Doing social network sites: the case of Cibervalle
Heike Mónika Greschke, firstname.lastname@example.org
"Once upon a time there was [...] just one more electronic bulletin board, entered by many nicks in order to read, to argue, to maunder, to calm down, to forward poems, to learn tags, to joke, to write novels and tales, to teach sex education, in short… I wanted to be part of that group, I read them for about three months and started to imagine how each one of them would be in reality. At that time there was neither a photo album nor member profiles, and hardly anyone had proficient usage of html, and we knew even less how to upload photos.

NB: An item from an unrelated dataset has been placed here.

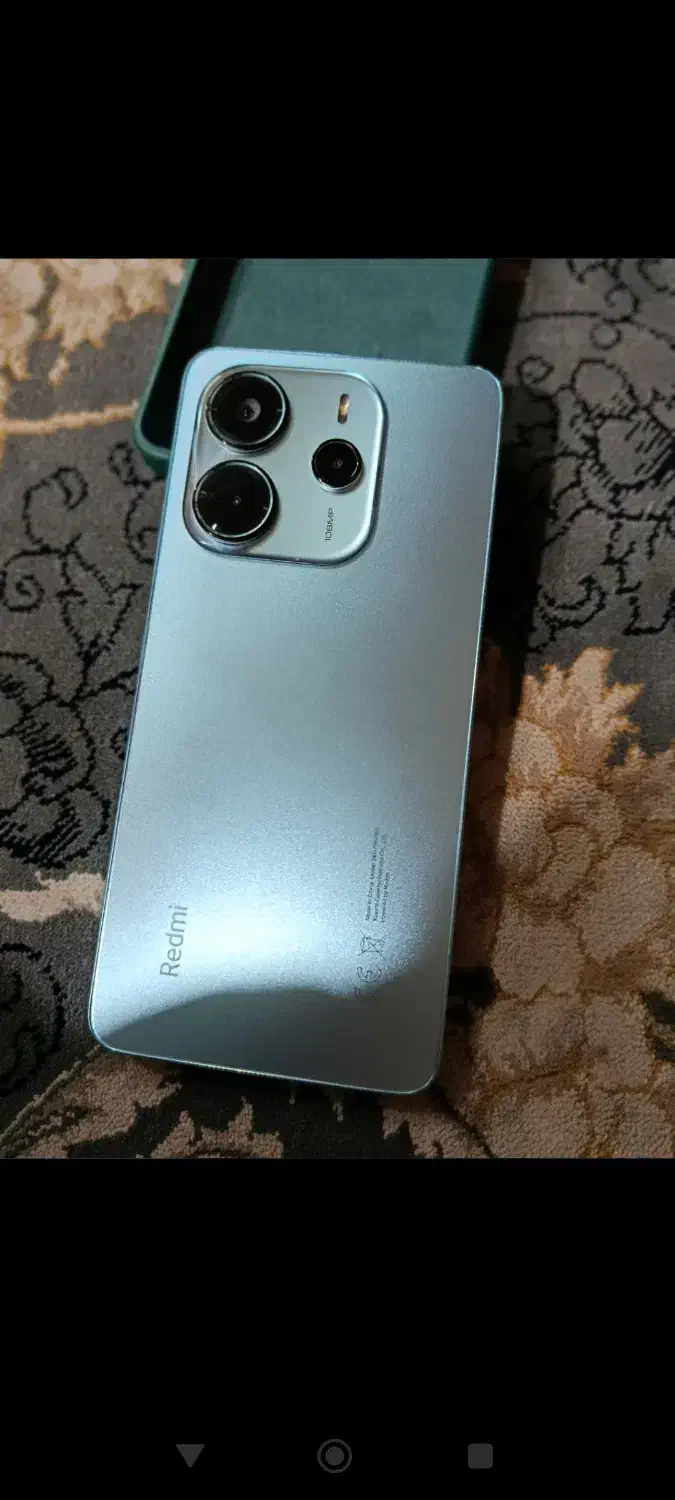 گوشی شیائومی نوت ۱۴|موبایل|ورامین, ورامین|دیوار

Writing to someone in particular seemed like a shot into the darkness, because you never knew whether and how he or she would answer. To imagine the smile, voice or face of your counterpart was utopia. Knowing his or her strengths and weaknesses you could not even dream of." (Esther, Paraguay, Cibervalle-forum, my own translation).
The publicly accessible discussion forum www.cibervalle.com presents a virtual meeting point for Paraguayans in nearly all parts of the world. Despite the initial anonymity of Cibervalle users to one another, to which Esther points in her above quoted post, over the years they have build a community based on solidarity and trust. The Forum was inititially nothing other than a functioning part of the interactive communication environment of a commercial Paraguayan web portal. The operating company set it up online and left it to its own devices. More or less accidentally, the as yet lifeless Forum was then discovered and occupied by the first Paraguayan Internet travellers.

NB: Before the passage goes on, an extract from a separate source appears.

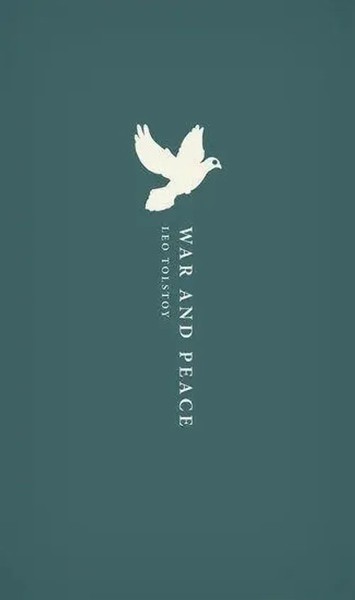 Leo Tolstoy (U. A.) | War And Peace | Buch | Englisch (2017) | Gebunden-image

The development of computer-mediated communication was still in the fledgling stages and broadband technology was not yet available when they began to settle down in Cibervalle. The technological requisites were still insufficient for establishing personal relationships, as pointed out by Esther’s statement. She is one of the first settlers in Cibervalle, who became part of a mutual learning process between advancing technologies and their everyday appropriation. The members of Cibervalle have not only been involved in several technological renovations of the electronic bulletin board. They have rather actively been shaping the evolution of social network sites (SNS), as they creatively exploit the system’s features so as to play with new forms of socializing and community building.
The communities' social life relies on cross-media architecture which joins the WWW-based public site and more private mediated forms of communication (like e-mailing, instant messaging and mobile phone use) with co-presence based encounters, so as to turn the former online discussion forum into a pioneer of social network sites (Greschke 2011). Cibervalle, in other words, not only exemplifies, what Madianou and Miller (2011) define as „polymedia“, that is an „integrated environment, within which users exploit contrasts within media to manage their relationships“ (55). Moreover, drawing from this case, we may assume that the innovative features of SNS, which are currently a subject of a legal controversy between Yahoo and Facebook, have been emerging in parallel in many communities of practice inhabiting techno-social environments, such as Cibervalle.
- Greschke, Heike Mónika. 2011. Make yourself at home in www.cibervalle.com - meanings of proximity and togetherness in the era of 'broadband society'. In: Fortunati, Leopoldina, Raul Pertierra & Jane Vincent (eds). Migrations, Diaspora and Information Technology in Global Societies, Routledge.
- Greschke, Heike Mónika. Is There a Home in Cyberspace? The Internet in Migrants' Everyday Life and the Emergence of Global Communities, Routledge (forthcoming).
- Madianou, Mirca & Daniel Miller. 2011. New Media and Migration. Transnational Families and Polymedia, Routledge.